Would you transcribe the records below from the line with "Pair of Seguso" to the line with "55, gross weight", ends included, exactly and with nothing more, leaving the pictures out?

**DATA FOR ANALYSIS**
┌────────
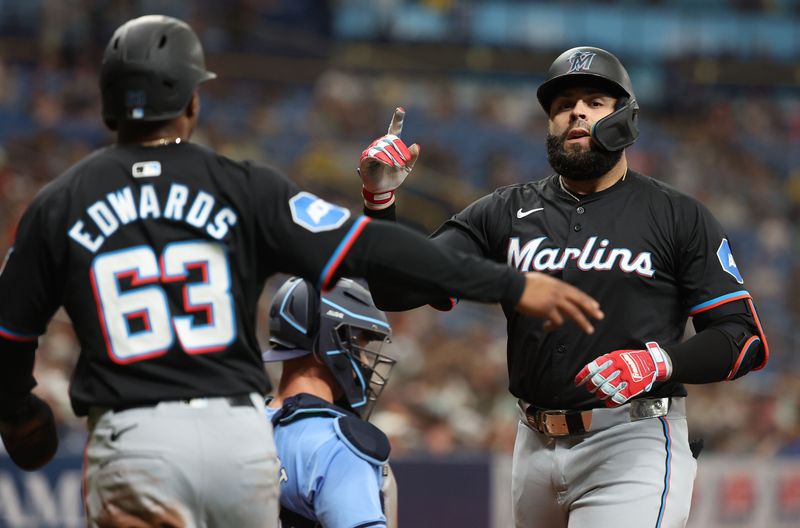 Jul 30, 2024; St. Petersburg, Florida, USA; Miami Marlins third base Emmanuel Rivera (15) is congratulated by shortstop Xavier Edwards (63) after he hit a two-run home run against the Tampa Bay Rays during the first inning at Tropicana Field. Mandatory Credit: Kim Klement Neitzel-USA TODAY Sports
└────────
┌────────
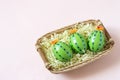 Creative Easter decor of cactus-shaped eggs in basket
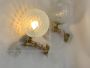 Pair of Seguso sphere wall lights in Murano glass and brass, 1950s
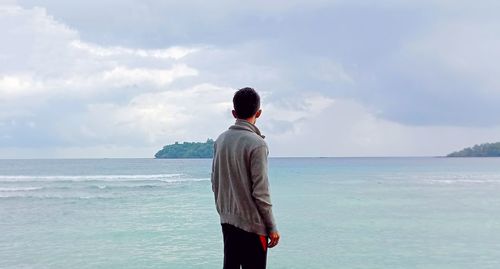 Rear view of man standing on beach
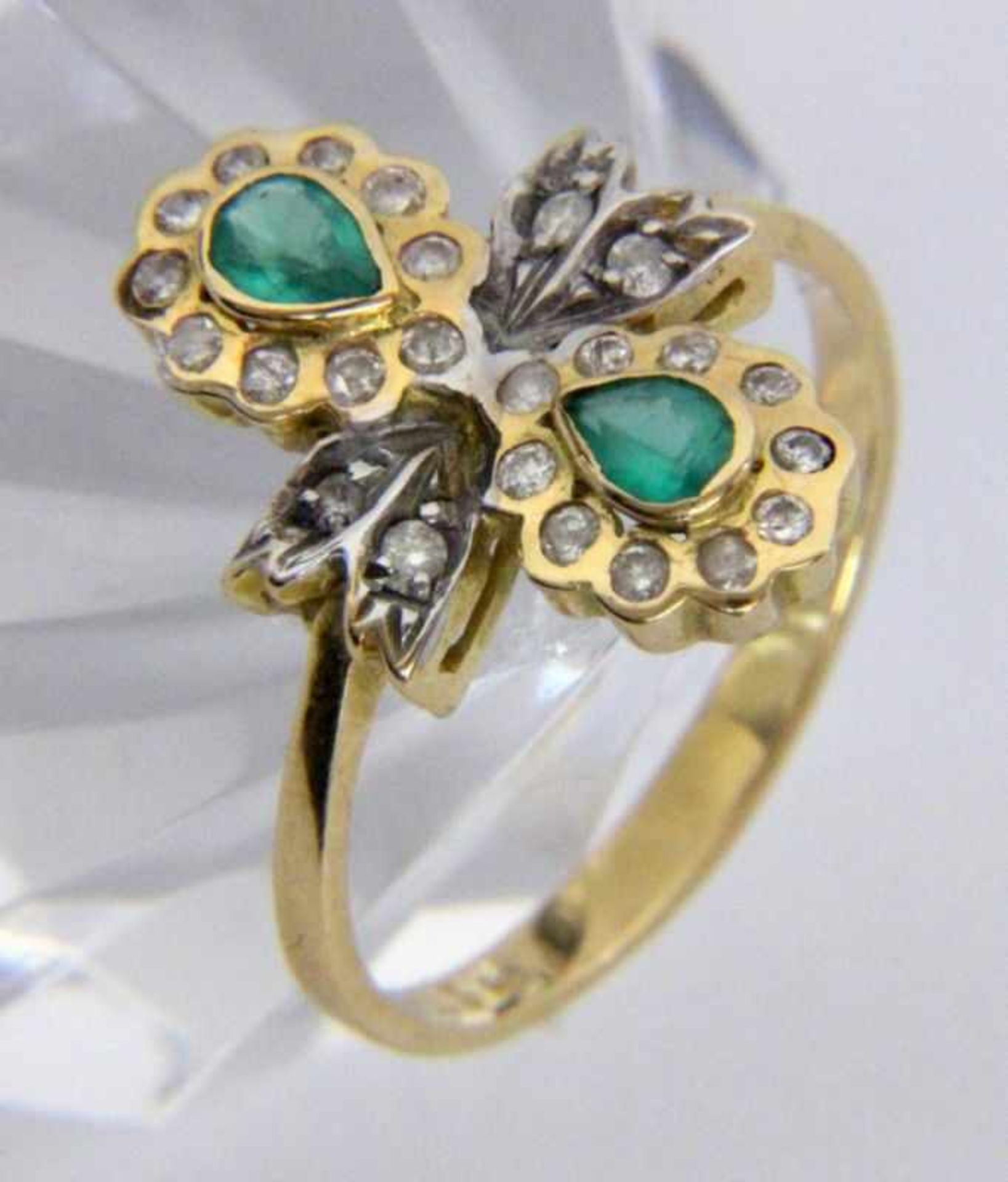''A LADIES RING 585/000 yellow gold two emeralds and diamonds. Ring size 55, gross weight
└────────
**TASK ANSWER**
 Pair of Seguso sphere wall lights in Murano glass and brass, 1950s
 Rear view of man standing on beach
''A LADIES RING 585/000 yellow gold two emeralds and diamonds. Ring size 55, gross weight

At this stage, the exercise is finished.